Step 1: Create a Jobs Atlas

The process obviously starts with understanding what the user is supposed to do. But that’s not all. To get the big picture, why certain users prioritize certain jobs, their current approaches and pain points, the metrics they use to determine if the job is being accomplished, and how they are doing it in a way that is easy to track. Must be combined. It’s a sense of the roadblocks users need to avoid to adopt new solutions, and the value and competitive advantage they gain from addressing specific jobs. Together these components make up a complete Jobs Atlas. It is called an atlas because it lays out the landscape perfectly, but it does not prescribe the exact route to reach the destination. Solution agnostic.

Step 2: Prioritize Each Segment

Atlas allows you to segment your audience in ways that are specific to the software you are developing (this is similar to broader company-level segmentation that tries to serve many other purposes, such as marketing communications and pricing). may be different). By focusing on the confluence of Jobs Atlas variables—specific jobs in specific contexts, solutions that beat current approaches to specific metrics, and avoid specific barriers to adoption—a clearer picture for upcoming sprints. can generate concentration.

Step 3: Group priorities into job-related bundles

Jobs often do not occur in isolation. For example, a user may need to estimate the cost of an action and obtain feedback from appropriate personnel within the company on that cost or cost options.
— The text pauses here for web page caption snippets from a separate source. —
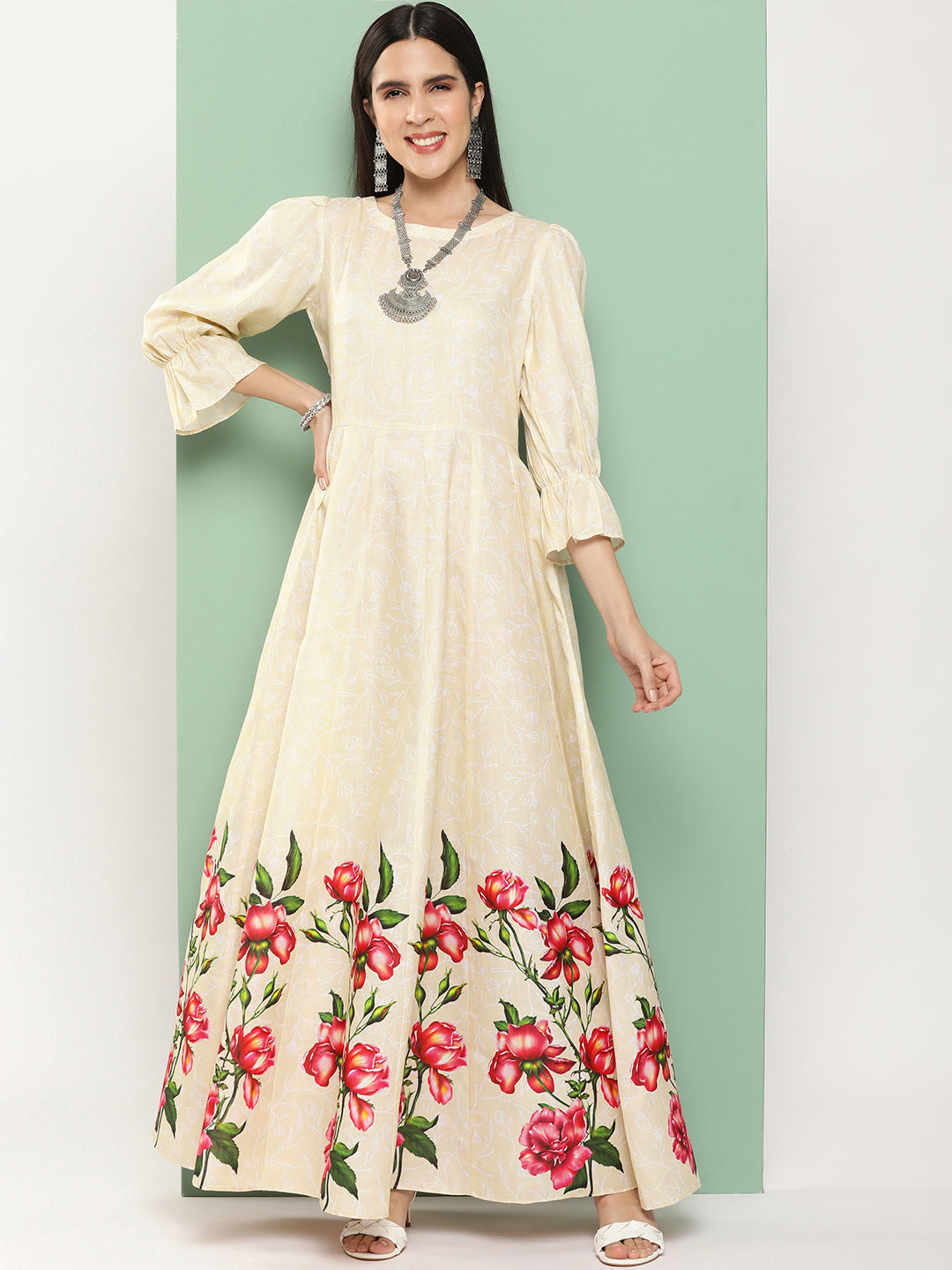 Women's Beige Printed Long Dress With Waist Belt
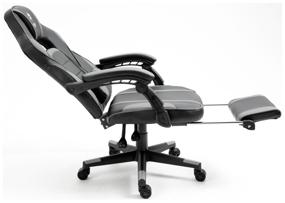 img 4 attached to 🖥️ GXX-14 Vinotti Racer Gaming Computer Chair: Imitation Leather, Black/Grey Color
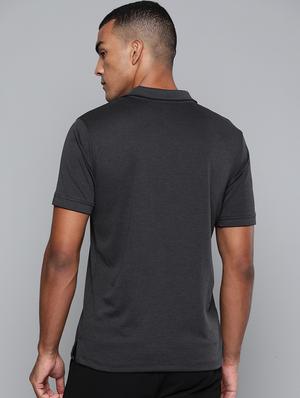 grey solid polo t-shirt - 17689068 - Standard Image - 3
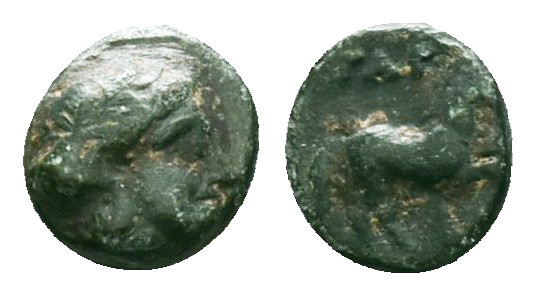 Greek
Gargara AE, head of Apollo / horse
Gargara , Troas. c. late 3rd to early...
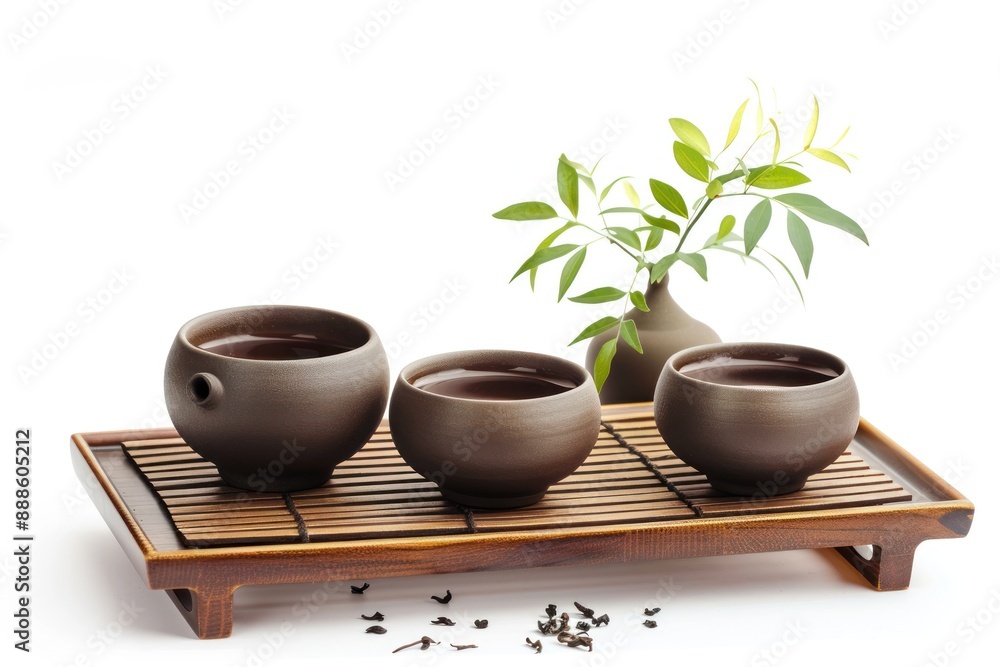 tea set isolated on a white background. Tea ceremony tea set isolated on a white background. Tea ceremony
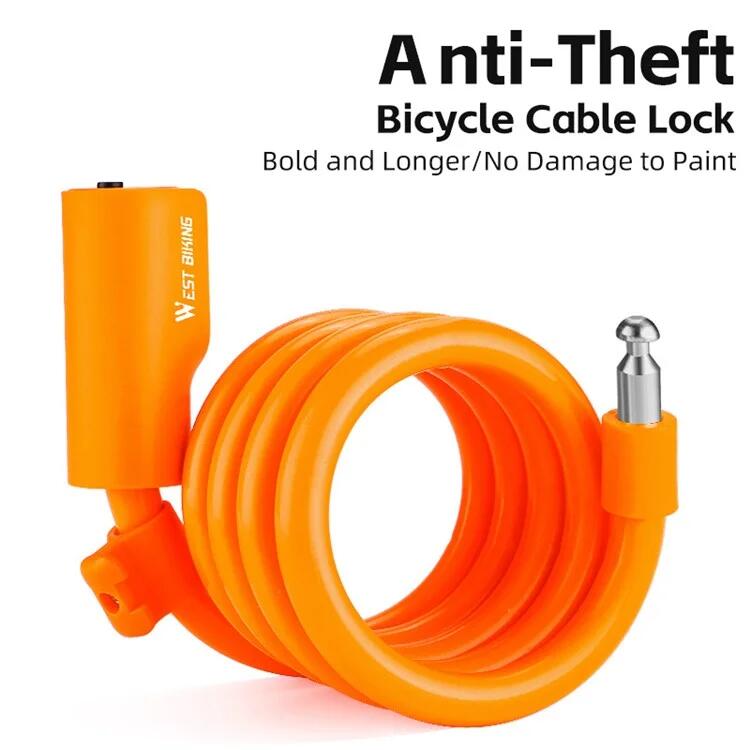 Lucchetto per bicicletta 115cm - Cavo d'acciaio flessibile 4/6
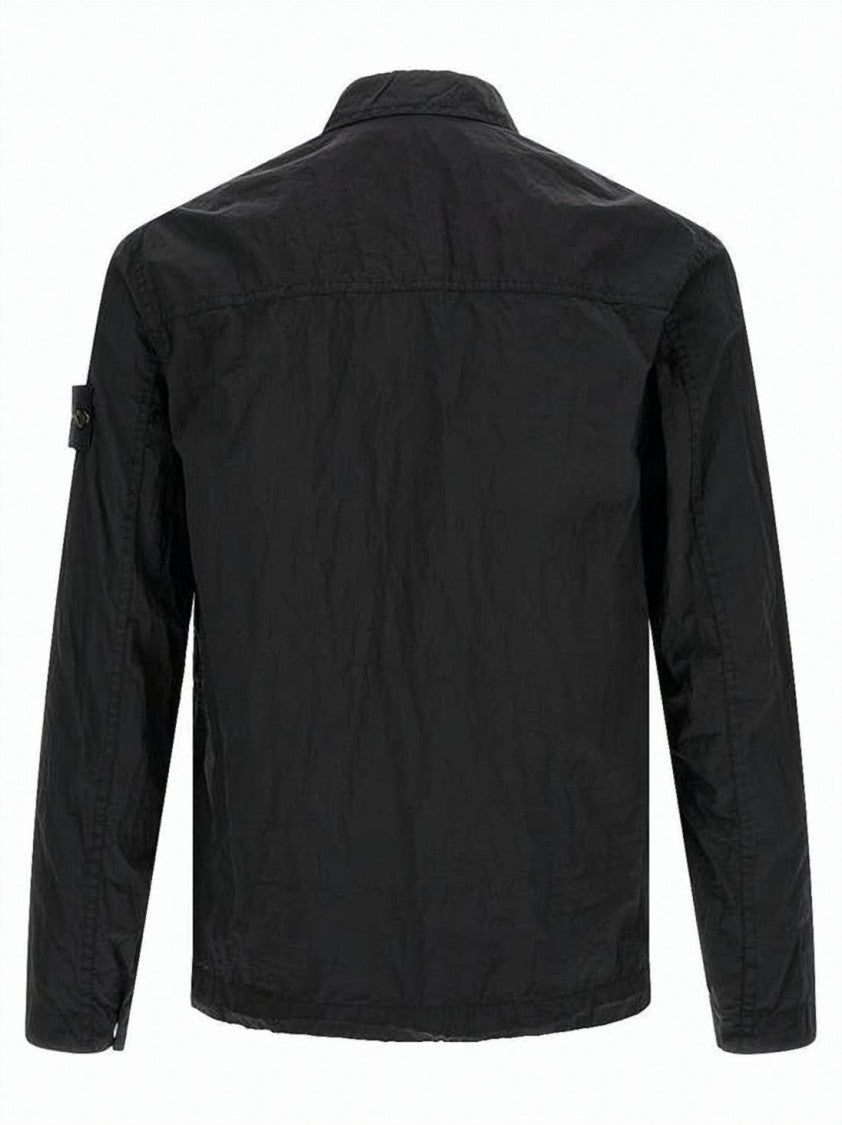 Stone Island Black Lightweight Matte Finish Zip Shirt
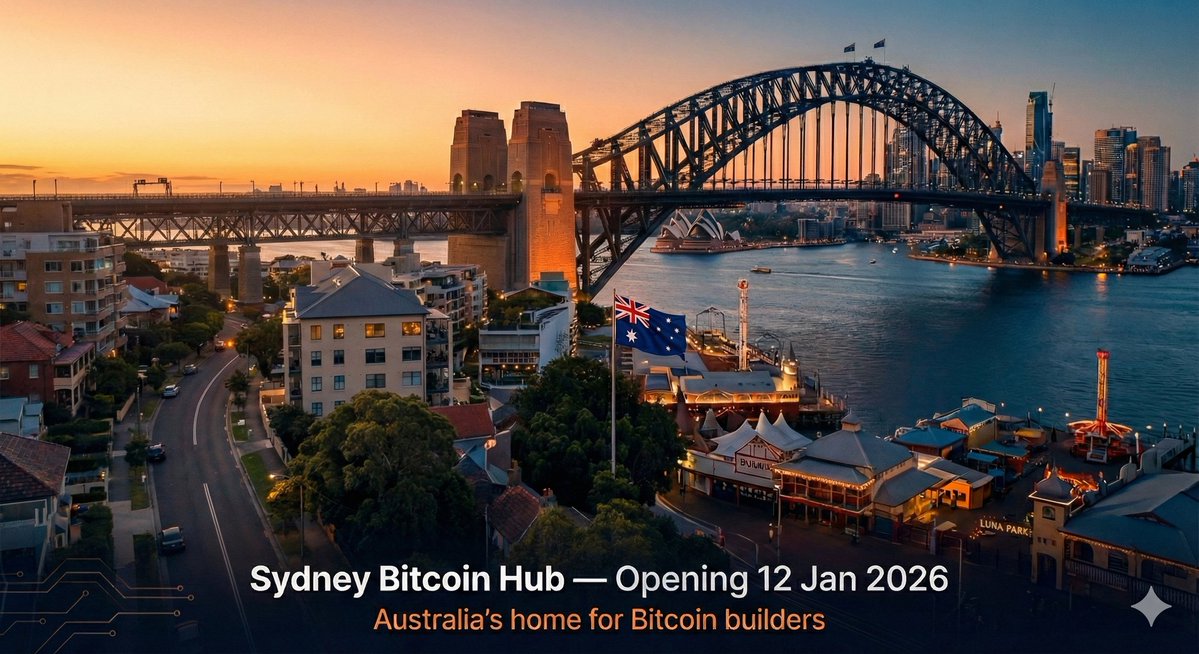 BREAKING: Sydney Bitcoin Hub, opening 12 Jan 2026

Bitcoin-only coworking and event space in Milsons Point, Sydney

Please get in contact if you are interested in getting involved, having a desk, sponsoring, providing merch, products, or art for sale!

Help us plant the flag!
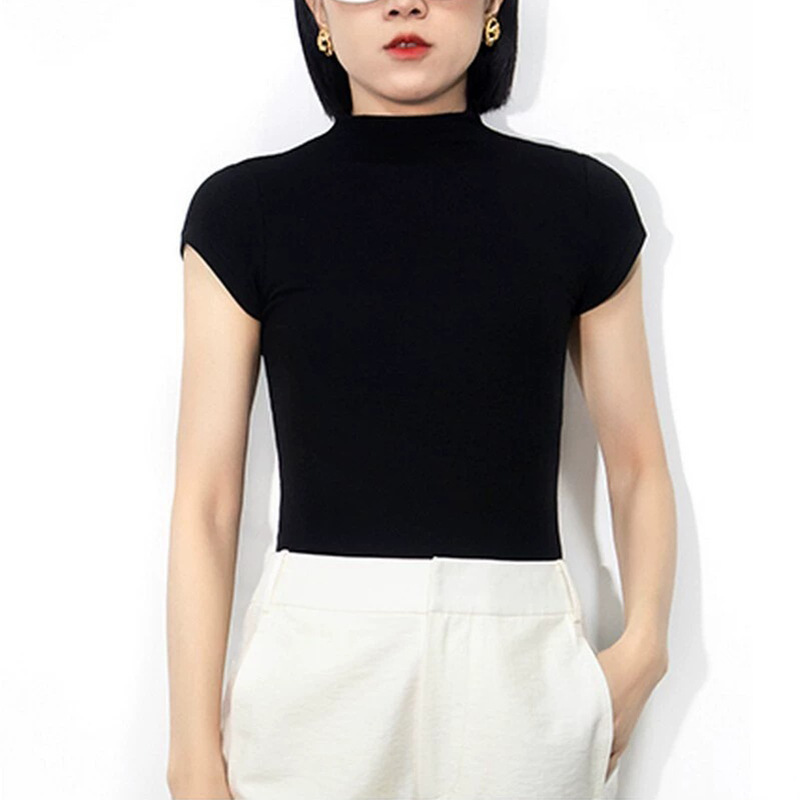 四季可穿经典半高领连袖上衣高弹修身坑条黑色t恤女-阿里巴巴
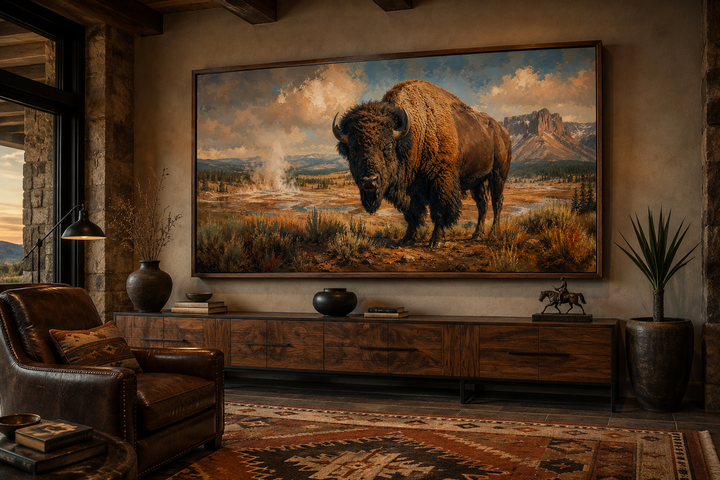 Framed canvas wall decor of a majestic American bison in a Yellowstone National Park landscape.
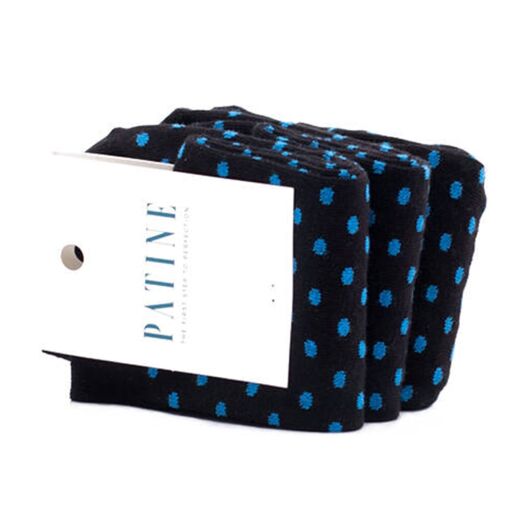 PATINE Socks PAKO02-0706 - Skarpety klasyczne czarne w niebieskie grochy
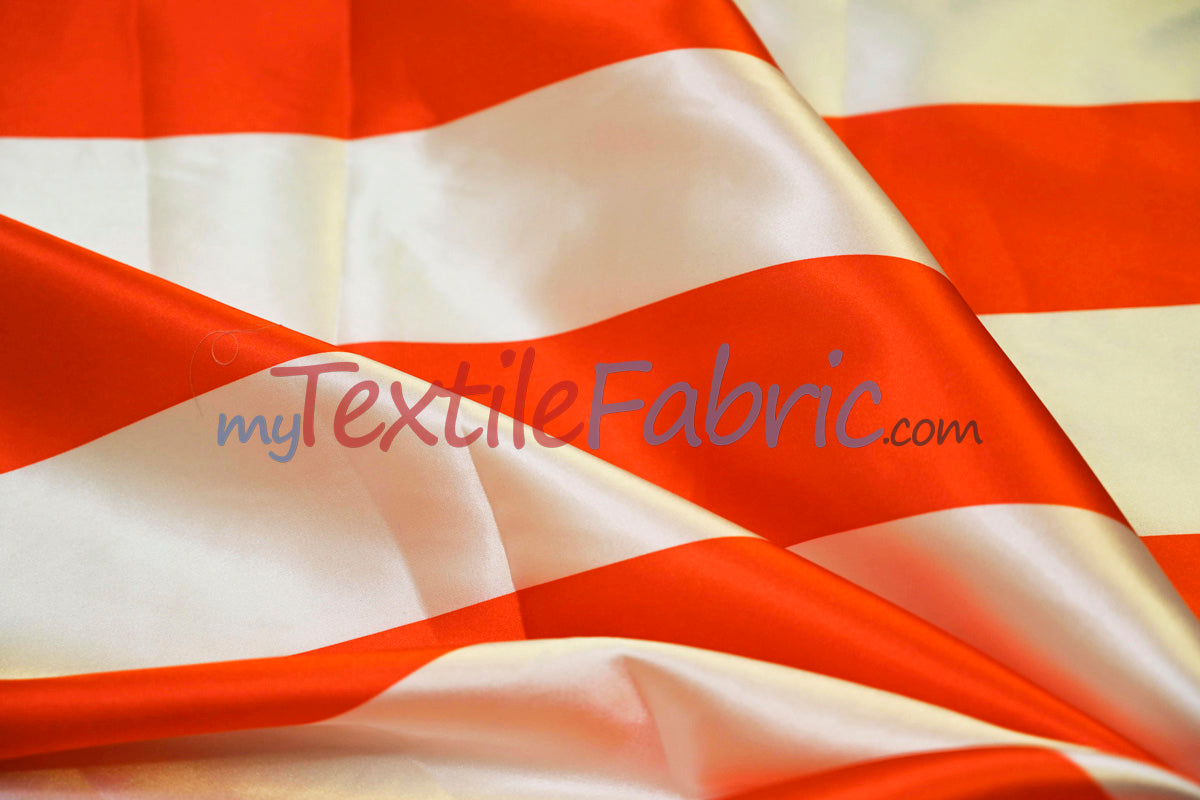 3" Stripe Satin Fabric | Soft Satin Stripe Charmeuse Fabric | 60" Wide | Multiple Colors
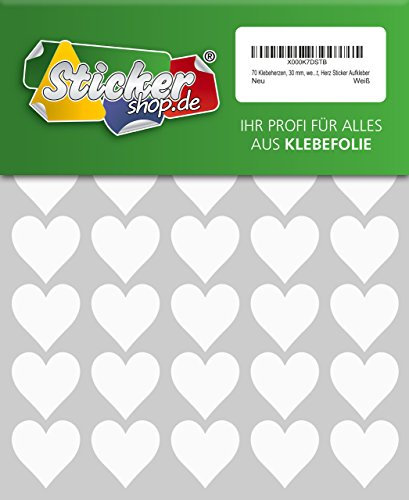 70 Klebeherzen, 30 mm, weiß, aus PVC Folie, wetterfest, Herz Sticker Aufkleber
These are separate jobs, but linked. Step 3 is to generate these relationships. So you can develop features with full context awareness. You can also have a view to building a complete solution for your users, rather than the unsatisfactory parts.

Step 4: Prioritize your product roadmap

Now you can prioritize your product roadmap based on objective measures. Specifically, the weighting of a well-defined segment, the complete set of jobs associated with that segment, the likelihood that the segment will adopt new solutions, technical feasibility, and value creation. and competitive advantage. Teams can use the same criteria to discuss product roadmap priorities and develop features with the full context they need to execute on target.

Prioritizing your product roadmap is often one of the hardest parts of agile development. Using the Jobs method removes many of the pains, delays, and inaccuracies that are common in this area. Jobs doesn’t tell us what a feature should be, but for whom, under what circumstances, and why it should be developed in a clear, objective, and pragmatic way. increase.

This piece was written with the help of my colleague Charlotte Desprat.